Under current Connecticut law, commercial properties may only be able to install EV charging stations after applying to the Department of Public Utility Control (DPUC) for permission, and maybe only without making a profit. Currently, submetering of electricity is allowed at recreational campgrounds, marina slips and other locations as approved by the DPUC, based upon the rationale that electricity use at those locations is seasonal, temporary, recreational and, thus, difficult to bill monthly. Further, the law allows property owners or operators to pass on to the consumer only the price the electric company charges them, thus preventing the owners or operators from profiting from the charging services. It also prevents them from reselling electricity (other than by permitted submetering), which may require an electric supplier license.

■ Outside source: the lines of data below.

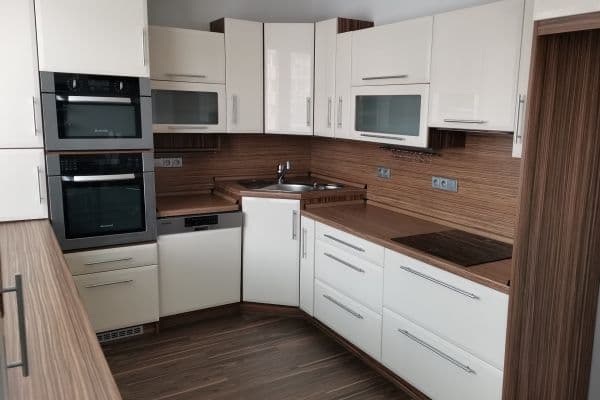 Prenájom bytu 3-izbový 74 m², Gen. Svobody, Třebíč Prenájom bytu 3-izbový 74 m², Gen. Svobody, Třebíč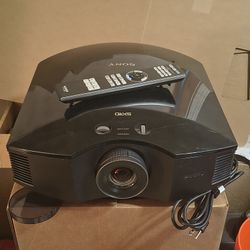 Sony VPL-HW40ES Projector
1080P Home Theater Projector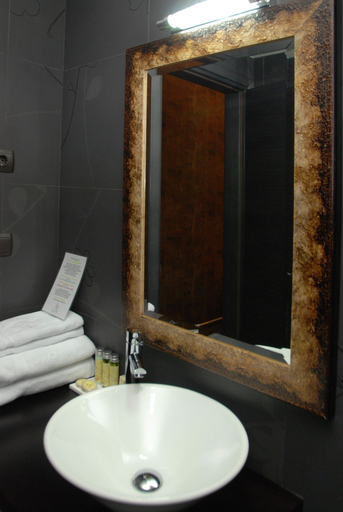 Bathroom 4, Aion Luxury Hotel, Peloponnese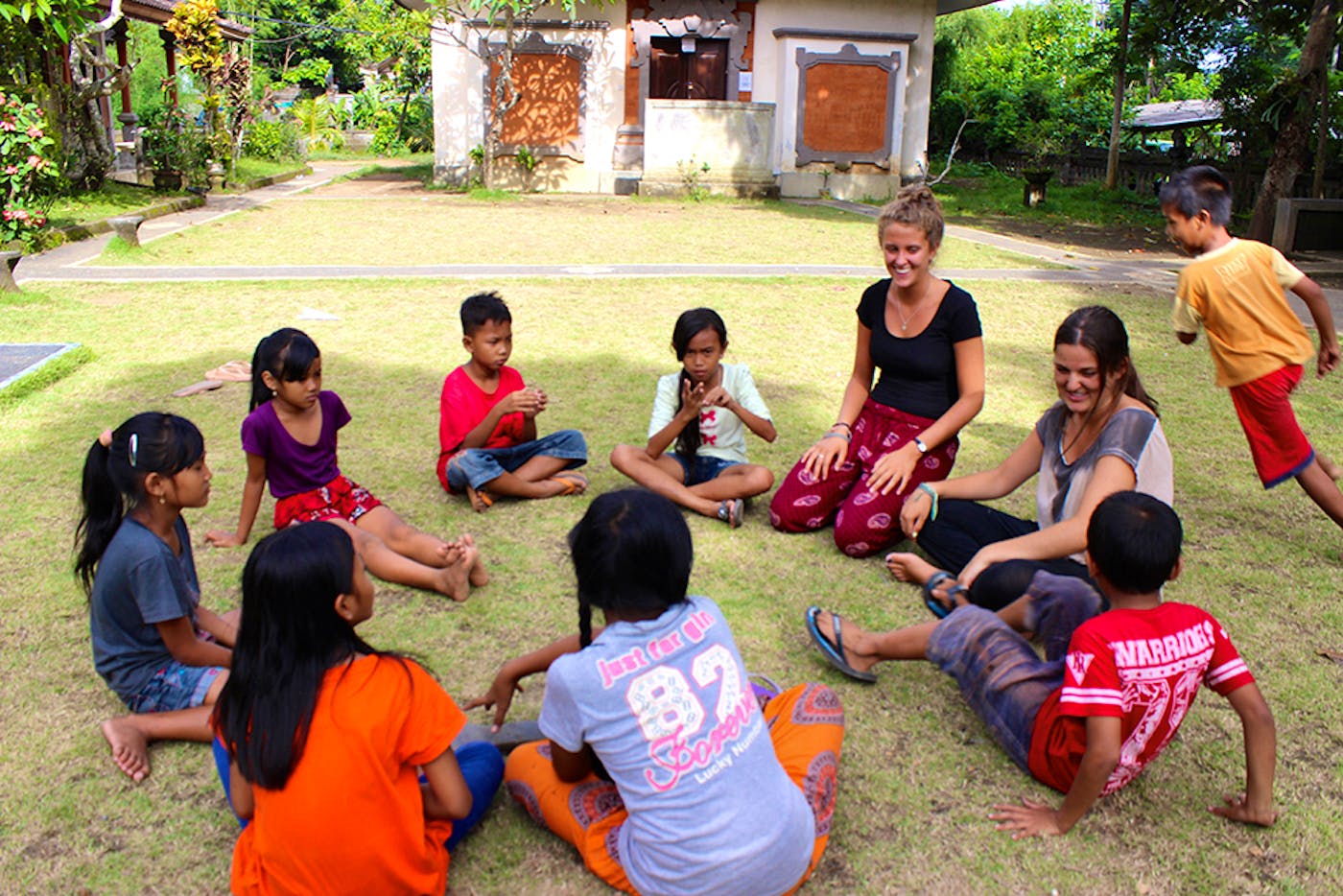 Teaching Placement In Local Schools | Volunteer In Indonesia 2025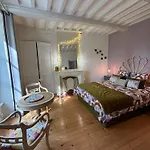 Nathalie לינה וארוחת בוקר 3*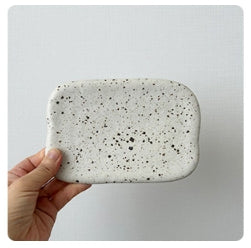 Rectangular 16 : 16 × 11 × 2 cm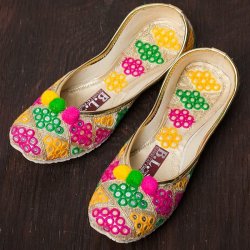 ゴージャス刺繍のマハラニフラットシューズの商品写真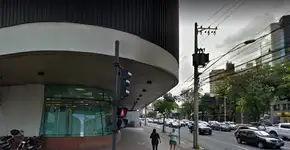 Sem-teto monta sebo na calçada com livros encontrados no lixo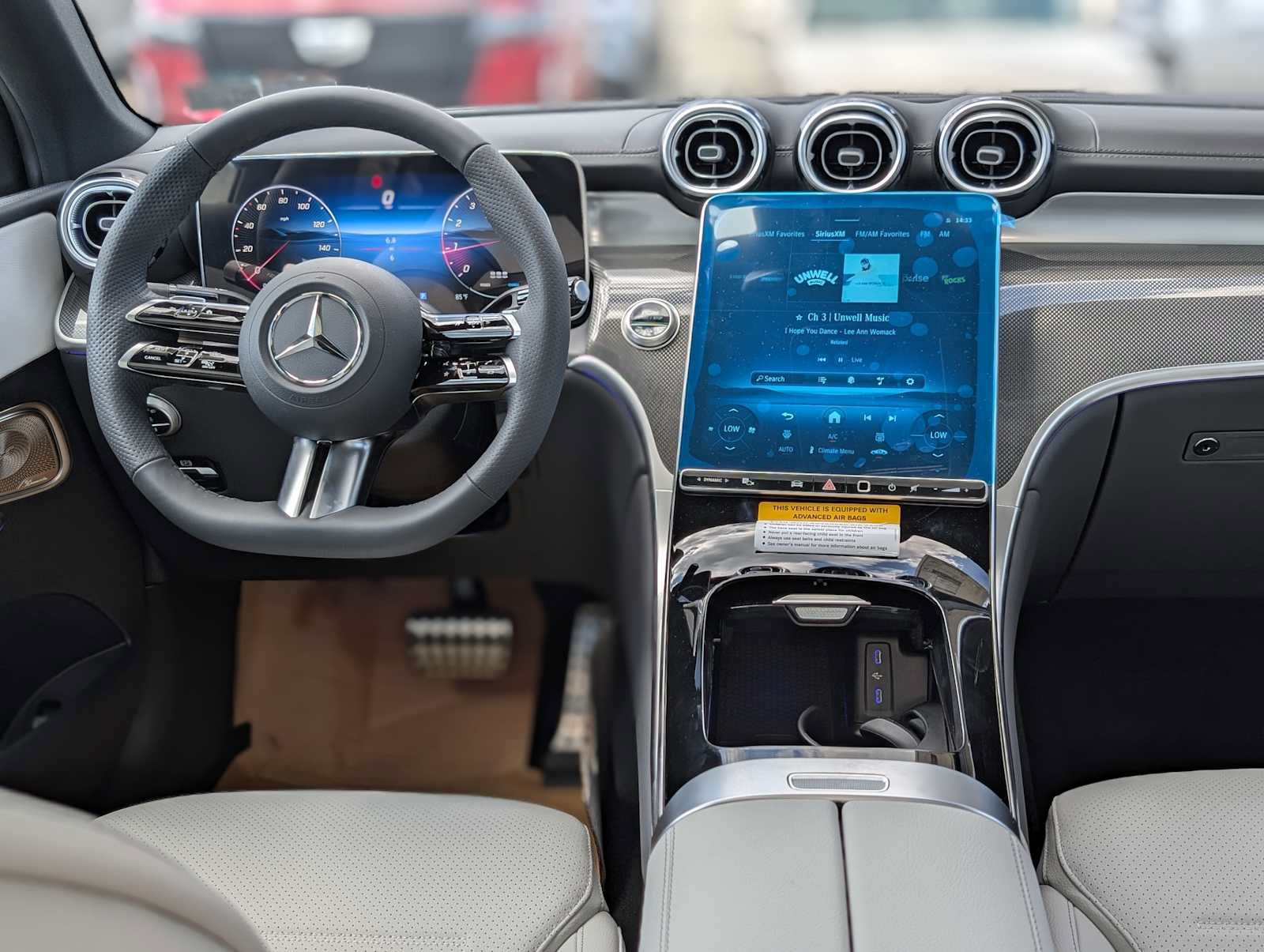 New 2027 Mercedes-Benz GLC 300 4MATIC image 4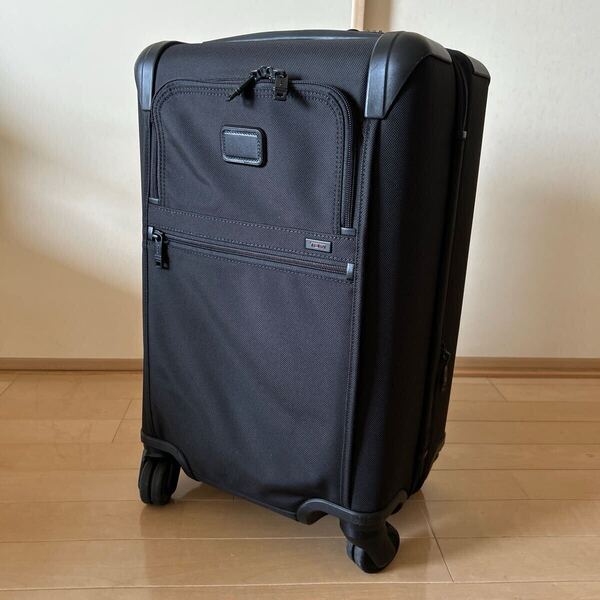 TUMI Alpha 2 インターナショナエキスバンダブル4ホイールキャリーオン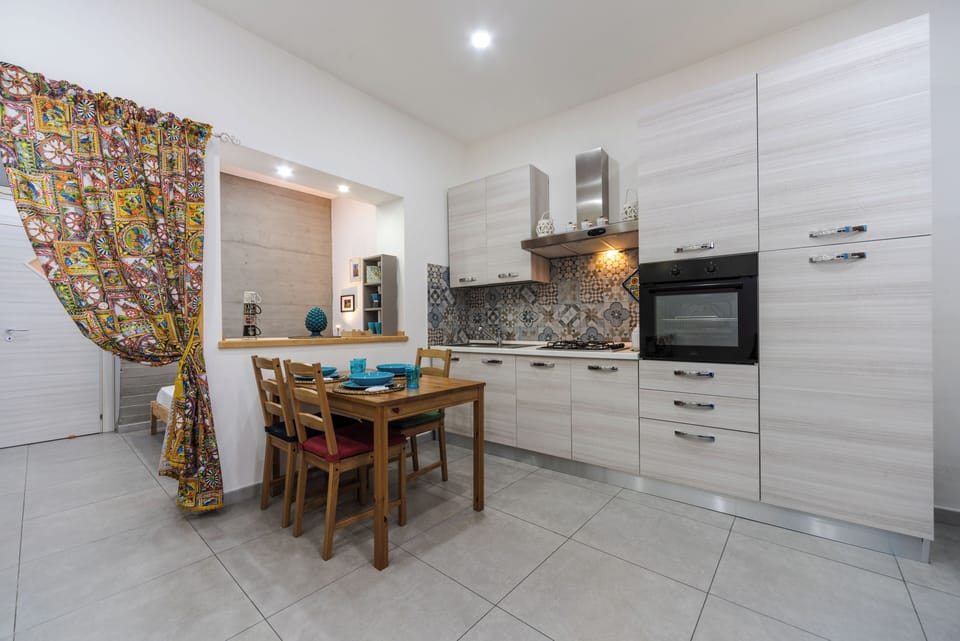 Apartment, 1 Bedroom | Private kitchen | Full-size fridge, microwave, oven, stovetop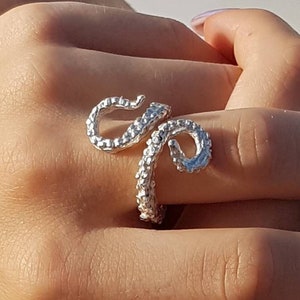 Octopus Tentacle Rings for Women in Sterling Silver, Chunky silver Rings, organic silver ring, Nature Rings adjustable, ocean ring women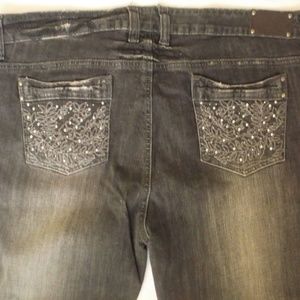 Goodtime Jeans - NWOT Goodtime Jeans Bling Back Pockets Goodtime Jeans - NWOT Goodtime Jeans Bling Back Pockets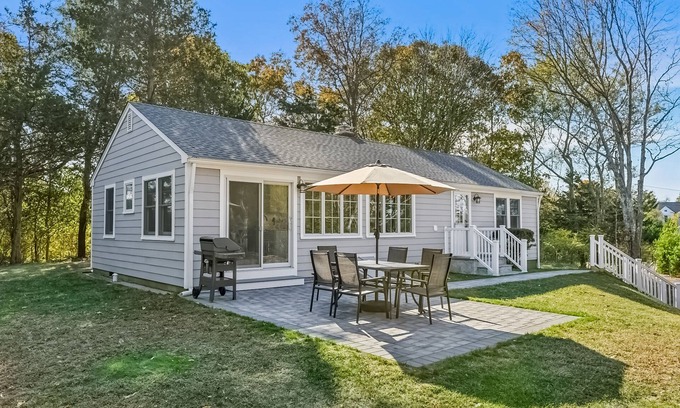 Town of Southold Town House | Beautiful home short walk to the beach, w/outdoor shower, grill & central AC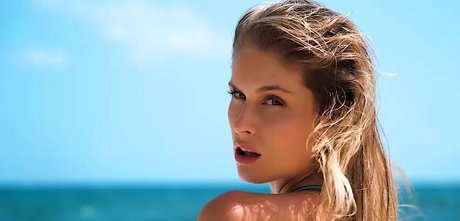 Nicole Sunde 可愛いモデル 画像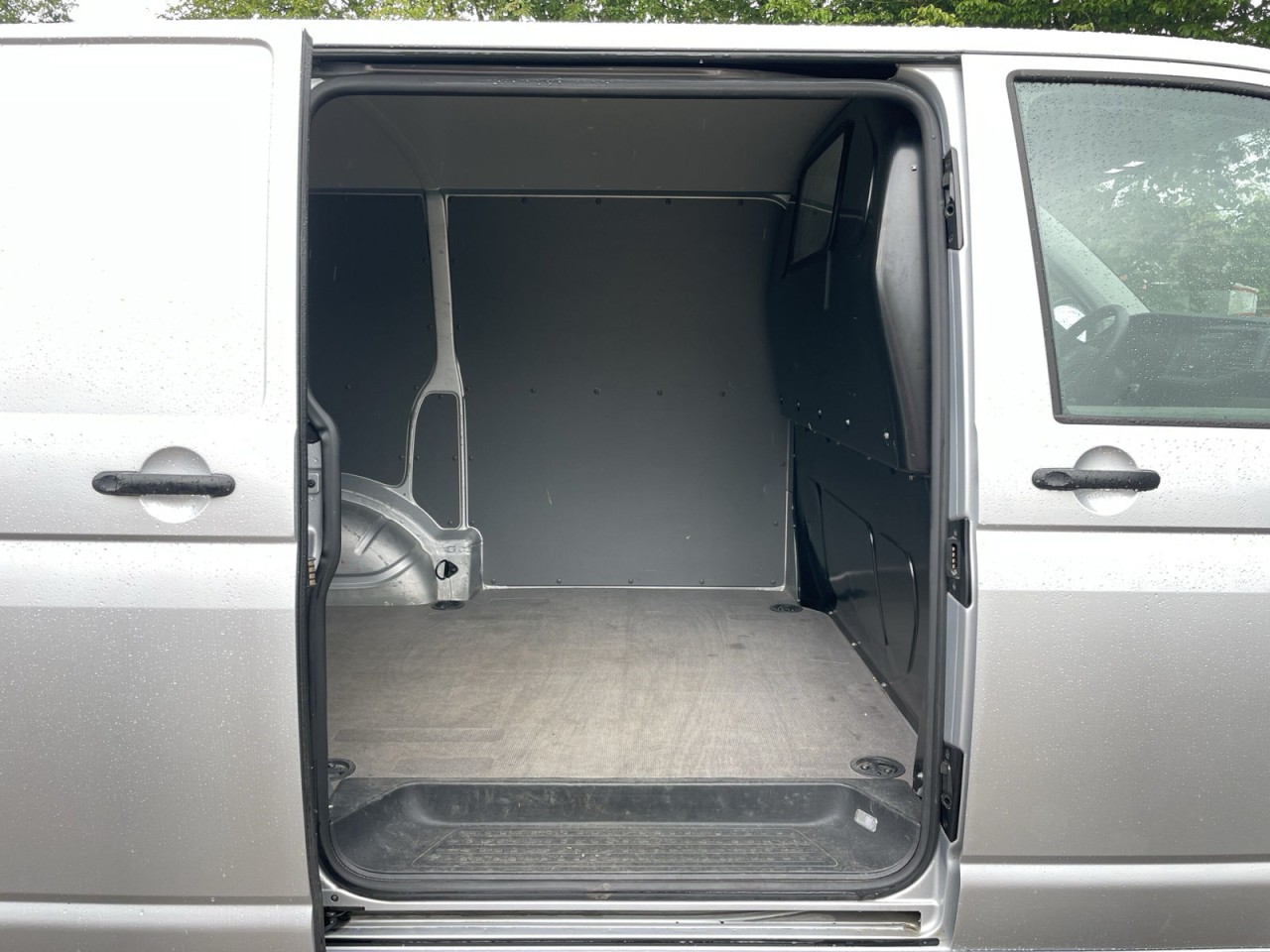 VW - Transporter Kasten 2.0 TDI Kasten++Automatik++Klima++AHK_8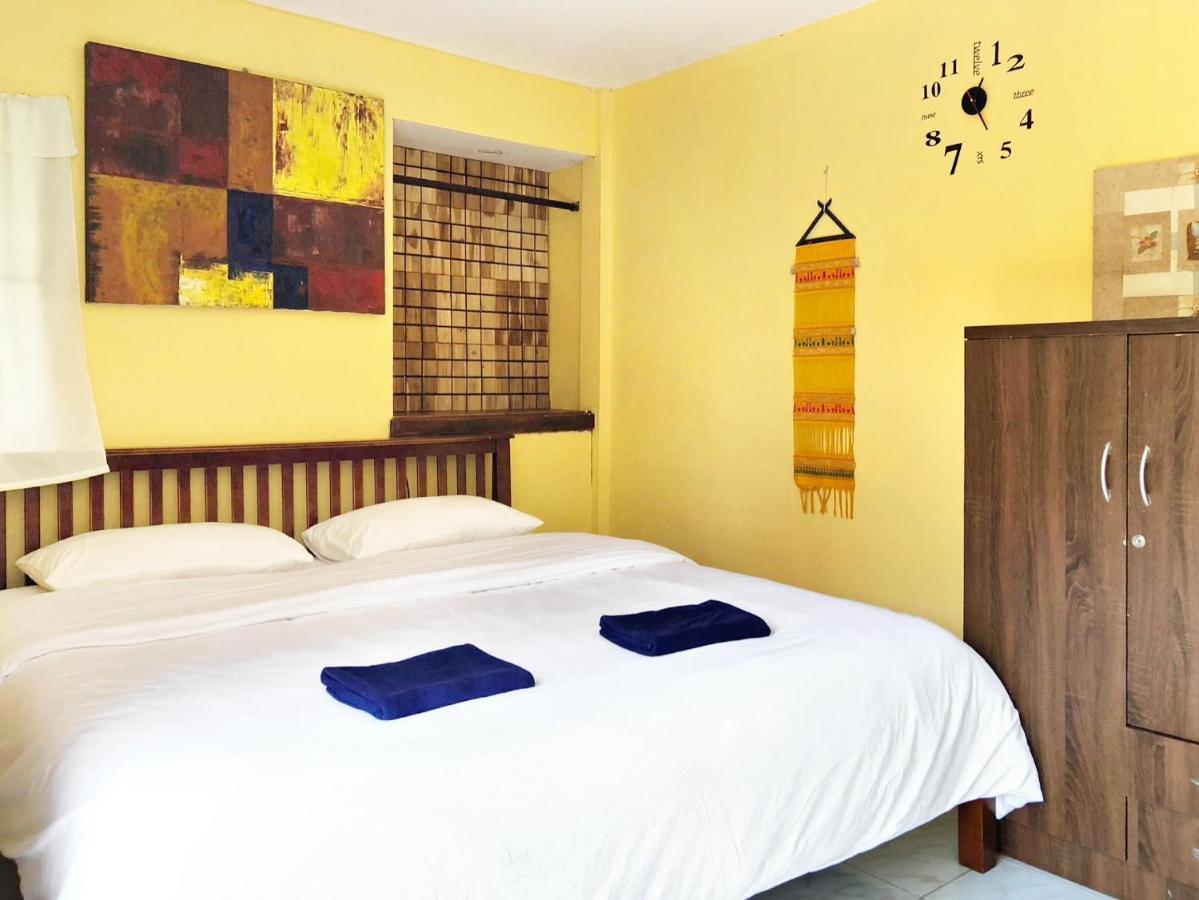 Blue Beach Resort Baanphakrimlay 外观 照片
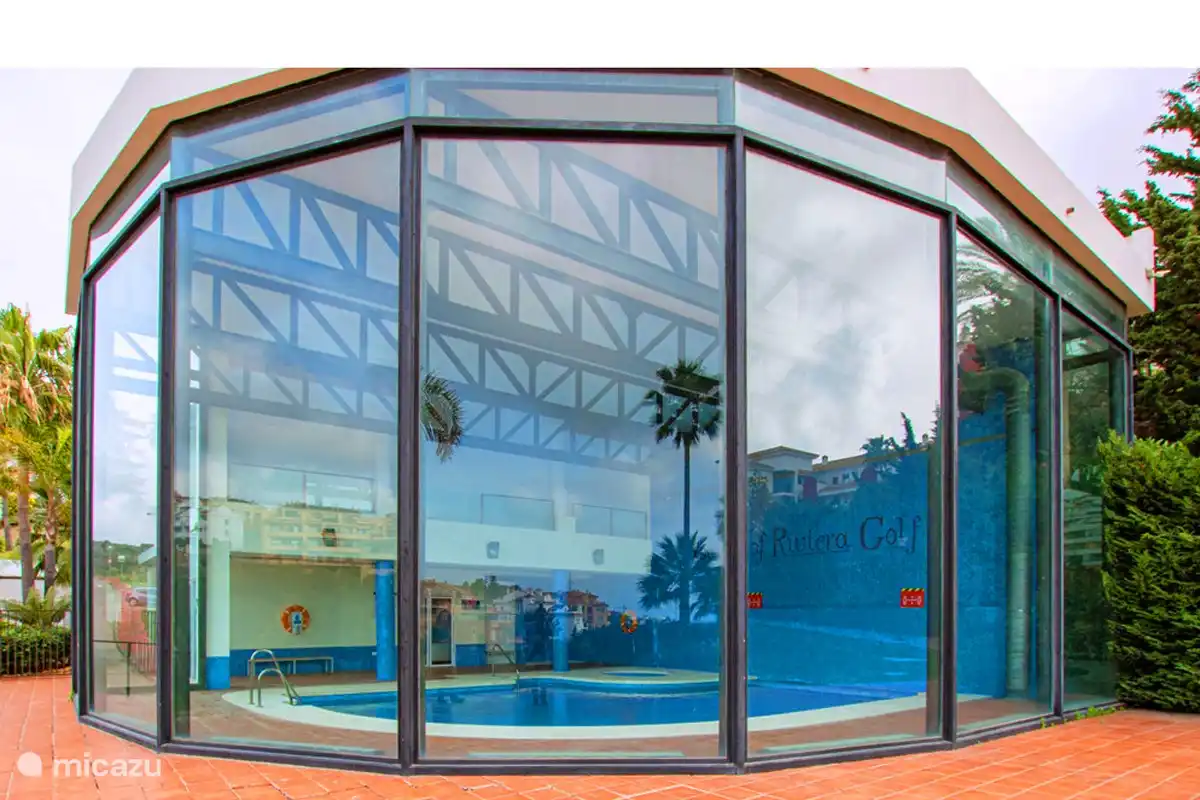 Het verwarmde binnenbad dat open is in de wintermaanden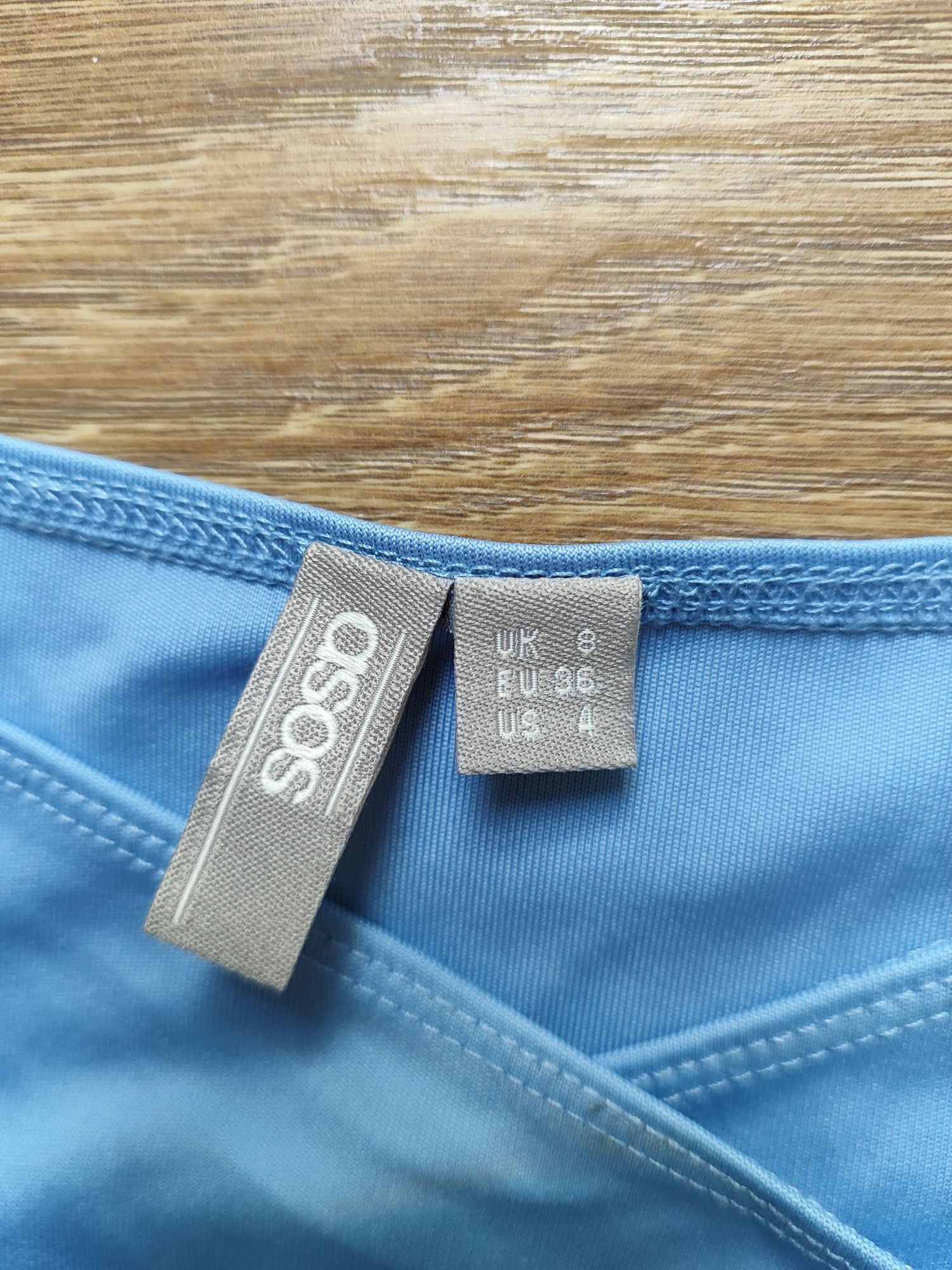 Sukienka plisowana kopertowa maxi asos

Based on the DPUC’s stated rationale for the current submetering exceptions, it is unclear whether the DPUC will grant permission for submetering at all types of commercial real estate properties. At certain locations, such as shopping centers, the current rationale might support submetering, as electricity usage there would be temporary and difficult to bill monthly. Applying this rationale to other locations, such as offices, apartment complexes and parking garages would be more difficult. Use at offices and apartment complexes would not, for the most part, be seasonal, temporary, recreational or difficult to bill monthly. Likewise, usage at parking garages would be shared between EV owners who park daily and others who are only in town for meetings or weekends. This makes it difficult to predict whether the DPUC would grant permission for submetering at these locations under the current rationale.
In addition, since EV charging stations at shopping centers may generate or, at least, correlate, with increased profits, shopping center owners or operators may be willing to install the stations without profiting from the station itself. But what about a gas station or rest stop? The comparatively small food or beverage purchases that the charging station may generate might not be sufficient to justify the EV investment. Further, even if the EV investment would be justified, in order for a commercial real estate owner to profit from the EV charging station, they may need to be licensed as an electric supplier. A potential electric supplier must possess specific technical, financial and managerial capabilities before the DPUC will issue an electric supplier license, which are regulatory burdens few owners would want to assume. Furthermore, it is unclear whether the DPUC would deem EV charging station owners as appropriate entities for such licensure.
Allowing commercial real estate owners to profit from selling electricity to EV owners might defeat one of the prime benefits of EVs: potentially lower fuel cost. Currently, there are no regulations in place limiting the price per kWh of electricity the owner of an EV charging station may charge an EV owner to fill-up. EVs cost more to purchase than their gas-guzzling cousins, and without a limit on the cost of an electric fill-up, fuel cost might not be low enough to justify the higher EV price tag.
Connecticut Governor Jodi Rell created an Electric Vehicle Infrastructure Council to prepare Connecticut for a seamless transition into the EV market. The Council’s final report is due September 1, 2010. But even after the report is issued some regulatory updates will need to be done to address the technical challenges of EVs and recharging.
While EVs might be ready for Connecticut, the current gap between EV technology and the regulatory system will need to be addressed before Connecticut can fully embrace EV usage.